In the world of AWS, your server is referred to as an EC2 instance and it is uniquely identified by a “instance-id”, a unique alpha numeric identifier that you can use to reference your server. Your instance id can be used in all kinds of ways including:

  • log files
  • database records
  • security analysis

In my case I’m using AWS to crawl different websites and one of the things I’m encountering is that it is very, very hard to know what AWS instance ty;e is the best value. Specifically do I optimize for more memory, more CPU, more disk and so on. One thing you can do is push your instance id right down to the unit of work. In my case that’s a database transaction so I can do things like this:

select instance_id, count(*) from page2016_q3s where instance_id is not null group by instance_id;
+---------------------+----------+
| instance_id         | count(*) |
+---------------------+----------+
| i-03ce34f1b92a3c72b |     1514 |
| i-045b17850658399ae |     1698 |
| i-0715d32f41c06b98f |     1731 |
+---------------------+----------+

So if these 3 different instance types, and they were all started at the same time, I can see that, well, they’re all doing roughly the same amount of work so maybe the instance type doesn’t matter all that much and I should just buy the cheapest.

Here’s how you fetch the instance id – and its brilliantly simple – you can just use wget or curl. Here’s an example:

curl http://169.254.169.254/latest/meta-data/instance-id

And that will return back a chunk of information which is just the instance id. Want your region instead then just use:

curl http://169.254.169.254/latest/meta-data/placement/availability-zone

And if you’re looking to understand what’s available then just call:

curl http://169.254.169.254/latest/meta-data/

And you can walk down each of the options one by one looking at what’s available.

Here’s a ruby implementation of how to get this info and cache it for faster retrieval.
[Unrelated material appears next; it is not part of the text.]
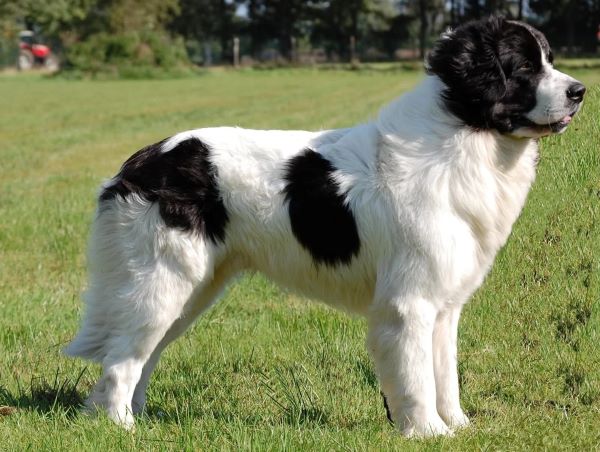 Landseer : Jemný obor pre milujúcu rodinu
This is in our common module which is a generic set of class methods we use all over the place.

def self.instance_id
  #
  # abend unless we're in production mode
  #
  return "" unless Rails.env.production?

  #
  # pull from cache
  #
  cache_key = "#{Common.ip_address}|instance_id"
  cache = Common.get_mem_cache
  instance_id = cache.read(cache_key)
  return instance_id unless instance_id.nil?
  
  #
  # fetch from metadata service, cache and return
  #
  begin
    agent = Mechanize.new
    url = "http://169.254.169.254/latest/meta-data/instance-id"
    page = agent.get(url)
    instance_id = page.body

    #
    # Now cache it
    #
    cache.write(cache_key, instance_id)

    return instance_id
  rescue StandardError => e
    puts "Hit error: #{e}"
  end
end

The Common.ip_address technique can be found on stack overflow.